The code in <filename>meta/lib/oe/sstatesig.py</filename> shows
two examples of this and also illustrates how you can insert
your own policy into the system if so desired.
This file defines the two basic signature generators
<ulink url='&YOCTO_DOCS_REF_URL;#oe-core'>OE-Core</ulink>
uses: "OEBasic" and "OEBasicHash".
By default, there is a dummy "noop" signature handler enabled
in BitBake.
This means that behavior is unchanged from previous versions.
OE-Core uses the "OEBasicHash" signature handler by default
through this setting in the <filename>bitbake.conf</filename>
file:
<literallayout class='monospaced'>
BB_SIGNATURE_HANDLER ?= "OEBasicHash"
</literallayout>
The "OEBasicHash" <filename>BB_SIGNATURE_HANDLER</filename>
is the same as the "OEBasic" version but adds the task hash to
the stamp files.
This results in any
<ulink url='&YOCTO_DOCS_REF_URL;#metadata'>Metadata</ulink>
change that changes the task hash, automatically
causing the task to be run again.
This removes the need to bump
<ulink url='&YOCTO_DOCS_REF_URL;#var-PR'><filename>PR</filename></ulink>
values, and changes to Metadata automatically ripple across
the build.
</para>
<para>
It is also worth noting that the end result of these
signature generators is to make some dependency and hash
information available to the build.
This information includes:
<itemizedlist>
<listitem><para>
<filename>BB_BASEHASH_task-</filename><replaceable>taskname</replaceable>:
The base hashes for each task in the recipe.
</para></listitem>
<listitem><para>
<filename>BB_BASEHASH_</filename><replaceable>filename</replaceable><filename>:</filename><replaceable>taskname</replaceable>:
The base hashes for each dependent task.
</para></listitem>
<listitem><para>
<filename>BBHASHDEPS_</filename><replaceable>filename</replaceable><filename>:</filename><replaceable>taskname</replaceable>:
The task dependencies for each task.
</para></listitem>
<listitem><para>
<filename>BB_TASKHASH</filename>:
The hash of the currently running task.
</para></listitem>
</itemizedlist>
</para>
</section>
<section id='shared-state'>
<title>Shared State</title>
<para>
Checksums and dependencies, as discussed in the previous
section, solve half the problem of supporting a shared state.

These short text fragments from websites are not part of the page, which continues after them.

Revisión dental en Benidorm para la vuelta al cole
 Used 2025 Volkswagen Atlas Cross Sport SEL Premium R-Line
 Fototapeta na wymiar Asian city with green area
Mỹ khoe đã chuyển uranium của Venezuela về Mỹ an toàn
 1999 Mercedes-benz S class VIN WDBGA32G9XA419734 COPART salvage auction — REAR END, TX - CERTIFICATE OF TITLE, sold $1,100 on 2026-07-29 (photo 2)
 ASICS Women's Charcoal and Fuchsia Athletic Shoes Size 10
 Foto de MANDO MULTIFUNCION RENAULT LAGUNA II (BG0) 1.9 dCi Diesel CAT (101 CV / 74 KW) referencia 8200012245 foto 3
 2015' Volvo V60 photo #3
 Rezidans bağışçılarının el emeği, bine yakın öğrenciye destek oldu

The other part of the problem is being able to use checksum
information during the build and being able to reuse or rebuild
specific components.
</para>
<para>
The
<ulink url='&YOCTO_DOCS_REF_URL;#ref-classes-sstate'><filename>sstate</filename></ulink>
class is a relatively generic implementation of how to
"capture" a snapshot of a given task.
The idea is that the build process does not care about the
source of a task's output.
Output could be freshly built or it could be downloaded and
unpacked from somewhere - the build process does not need to
worry about its origin.
</para>
<para>
There are two types of output, one is just about creating a
directory in
<ulink url='&YOCTO_DOCS_REF_URL;#var-WORKDIR'><filename>WORKDIR</filename></ulink>.
A good example is the output of either
<ulink url='&YOCTO_DOCS_REF_URL;#ref-tasks-install'><filename>do_install</filename></ulink>
or
<ulink url='&YOCTO_DOCS_REF_URL;#ref-tasks-package'><filename>do_package</filename></ulink>.
The other type of output occurs when a set of data is merged
into a shared directory tree such as the sysroot.
</para>
<para>
The Yocto Project team has tried to keep the details of the
implementation hidden in <filename>sstate</filename> class.
From a user's perspective, adding shared state wrapping to a task
is as simple as this
<ulink url='&YOCTO_DOCS_REF_URL;#ref-tasks-deploy'><filename>do_deploy</filename></ulink>
example taken from the
<ulink url='&YOCTO_DOCS_REF_URL;#ref-classes-deploy'><filename>deploy</filename></ulink>
class:
<literallayout class='monospaced'>
DEPLOYDIR = "${WORKDIR}/deploy-${PN}"
SSTATETASKS += "do_deploy"
do_deploy[sstate-inputdirs] = "${DEPLOYDIR}"
do_deploy[sstate-outputdirs] = "${DEPLOY_DIR_IMAGE}"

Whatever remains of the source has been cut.